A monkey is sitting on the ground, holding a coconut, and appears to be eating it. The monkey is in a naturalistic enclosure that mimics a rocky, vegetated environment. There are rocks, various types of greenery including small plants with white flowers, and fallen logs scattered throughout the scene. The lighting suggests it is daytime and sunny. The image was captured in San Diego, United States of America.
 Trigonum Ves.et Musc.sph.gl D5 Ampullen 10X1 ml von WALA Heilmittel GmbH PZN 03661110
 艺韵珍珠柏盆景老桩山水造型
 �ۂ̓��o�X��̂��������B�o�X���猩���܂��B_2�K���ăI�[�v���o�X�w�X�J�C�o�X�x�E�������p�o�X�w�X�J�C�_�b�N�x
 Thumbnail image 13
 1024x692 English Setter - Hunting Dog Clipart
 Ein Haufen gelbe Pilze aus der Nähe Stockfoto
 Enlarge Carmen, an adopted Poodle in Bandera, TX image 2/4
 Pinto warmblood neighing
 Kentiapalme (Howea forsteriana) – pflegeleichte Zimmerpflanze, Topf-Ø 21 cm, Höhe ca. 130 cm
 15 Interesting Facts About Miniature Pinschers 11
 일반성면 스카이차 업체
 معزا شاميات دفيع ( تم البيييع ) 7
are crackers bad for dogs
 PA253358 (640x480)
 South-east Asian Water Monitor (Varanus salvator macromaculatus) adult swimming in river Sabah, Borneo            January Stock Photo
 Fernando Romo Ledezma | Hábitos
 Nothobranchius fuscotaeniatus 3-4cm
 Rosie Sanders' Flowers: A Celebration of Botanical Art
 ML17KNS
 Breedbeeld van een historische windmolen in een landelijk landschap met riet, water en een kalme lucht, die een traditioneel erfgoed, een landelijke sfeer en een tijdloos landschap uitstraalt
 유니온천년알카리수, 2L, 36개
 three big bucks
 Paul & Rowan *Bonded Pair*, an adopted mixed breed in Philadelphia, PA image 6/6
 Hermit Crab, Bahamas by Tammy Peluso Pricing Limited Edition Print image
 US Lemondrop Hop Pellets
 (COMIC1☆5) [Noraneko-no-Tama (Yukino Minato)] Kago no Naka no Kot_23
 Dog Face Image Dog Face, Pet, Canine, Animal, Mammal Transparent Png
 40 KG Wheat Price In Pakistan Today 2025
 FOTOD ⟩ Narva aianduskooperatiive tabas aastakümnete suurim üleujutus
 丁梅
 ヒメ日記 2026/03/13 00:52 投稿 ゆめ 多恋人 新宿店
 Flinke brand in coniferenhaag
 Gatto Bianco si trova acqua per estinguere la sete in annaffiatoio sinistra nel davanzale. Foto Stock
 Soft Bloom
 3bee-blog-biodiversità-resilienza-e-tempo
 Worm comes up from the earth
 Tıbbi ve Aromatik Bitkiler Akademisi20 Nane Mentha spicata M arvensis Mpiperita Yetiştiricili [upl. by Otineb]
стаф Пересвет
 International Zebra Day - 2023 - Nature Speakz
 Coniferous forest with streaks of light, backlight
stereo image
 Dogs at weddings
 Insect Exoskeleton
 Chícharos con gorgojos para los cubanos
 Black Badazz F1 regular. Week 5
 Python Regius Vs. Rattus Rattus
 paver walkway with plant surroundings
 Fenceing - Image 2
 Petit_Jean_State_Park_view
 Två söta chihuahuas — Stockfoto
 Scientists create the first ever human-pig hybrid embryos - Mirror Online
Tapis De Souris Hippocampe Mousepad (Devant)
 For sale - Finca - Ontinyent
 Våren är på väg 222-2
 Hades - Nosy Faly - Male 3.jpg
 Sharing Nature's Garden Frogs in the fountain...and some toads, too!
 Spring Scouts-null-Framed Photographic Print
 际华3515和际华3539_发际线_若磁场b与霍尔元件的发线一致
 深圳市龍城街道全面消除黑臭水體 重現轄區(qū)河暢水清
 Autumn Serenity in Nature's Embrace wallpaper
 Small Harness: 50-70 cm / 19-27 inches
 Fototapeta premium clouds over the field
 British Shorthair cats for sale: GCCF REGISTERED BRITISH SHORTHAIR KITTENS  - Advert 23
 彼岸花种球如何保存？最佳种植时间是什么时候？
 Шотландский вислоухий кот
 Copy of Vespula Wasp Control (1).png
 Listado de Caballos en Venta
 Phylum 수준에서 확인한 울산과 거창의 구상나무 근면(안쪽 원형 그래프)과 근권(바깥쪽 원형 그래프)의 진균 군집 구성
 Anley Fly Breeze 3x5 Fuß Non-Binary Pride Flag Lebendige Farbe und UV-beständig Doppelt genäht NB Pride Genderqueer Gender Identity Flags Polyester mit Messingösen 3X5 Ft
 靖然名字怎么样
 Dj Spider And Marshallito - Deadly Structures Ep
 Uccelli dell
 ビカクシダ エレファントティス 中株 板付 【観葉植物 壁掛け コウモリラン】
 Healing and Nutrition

Exercise directions
Reproduce verbatim the stretch of lines beginning with the one containing "Fototapeta premium clouds over the field" and ending at the close of the entries above.

Exercise response
 Fototapeta premium clouds over the field
 British Shorthair cats for sale: GCCF REGISTERED BRITISH SHORTHAIR KITTENS  - Advert 23
 彼岸花种球如何保存？最佳种植时间是什么时候？
 Шотландский вислоухий кот
 Copy of Vespula Wasp Control (1).png
 Listado de Caballos en Venta
 Phylum 수준에서 확인한 울산과 거창의 구상나무 근면(안쪽 원형 그래프)과 근권(바깥쪽 원형 그래프)의 진균 군집 구성
 Anley Fly Breeze 3x5 Fuß Non-Binary Pride Flag Lebendige Farbe und UV-beständig Doppelt genäht NB Pride Genderqueer Gender Identity Flags Polyester mit Messingösen 3X5 Ft
 靖然名字怎么样
 Dj Spider And Marshallito - Deadly Structures Ep
 Uccelli dell
 ビカクシダ エレファントティス 中株 板付 【観葉植物 壁掛け コウモリラン】
 Healing and Nutrition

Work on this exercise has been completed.